● WHAT IS REQUIRED:
Start to finish, print the data below exactly, without the images.

[Opening PROVIDED DATA section]

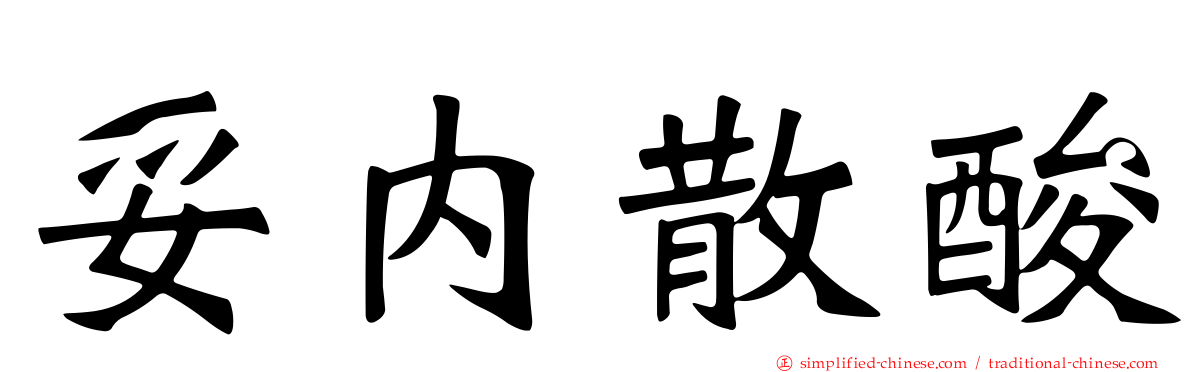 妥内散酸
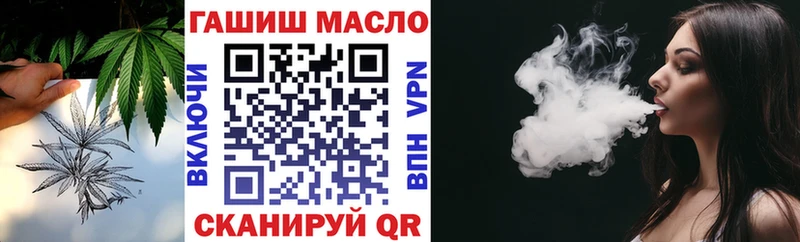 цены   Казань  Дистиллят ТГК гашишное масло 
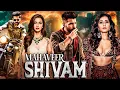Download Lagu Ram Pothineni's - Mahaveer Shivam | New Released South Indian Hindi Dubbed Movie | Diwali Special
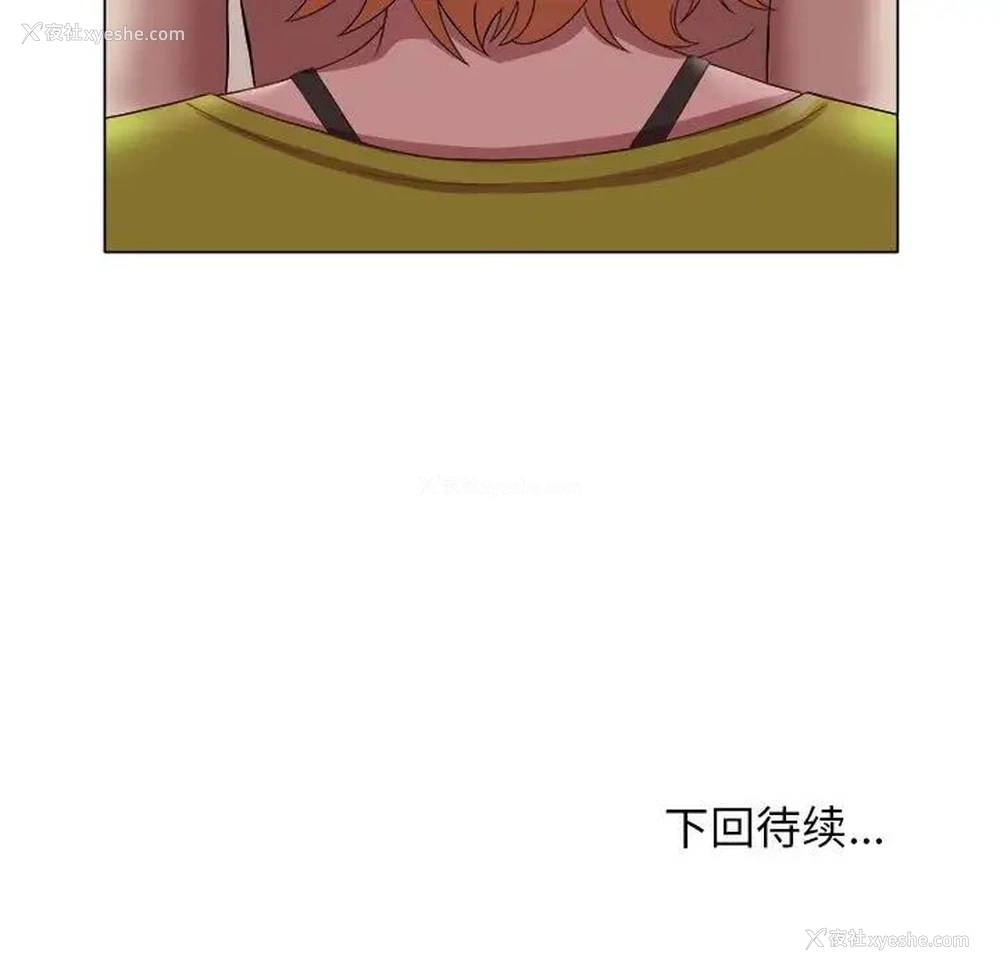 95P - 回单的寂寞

[Closing PROVIDED DATA section]

● ANSWER FOR THE TASK:
 妥内散酸
 цены   Казань  Дистиллят ТГК гашишное масло 
Download Lagu Ram Pothineni's - Mahaveer Shivam | New Released South Indian Hindi Dubbed Movie | Diwali Special
 95P - 回单的寂寞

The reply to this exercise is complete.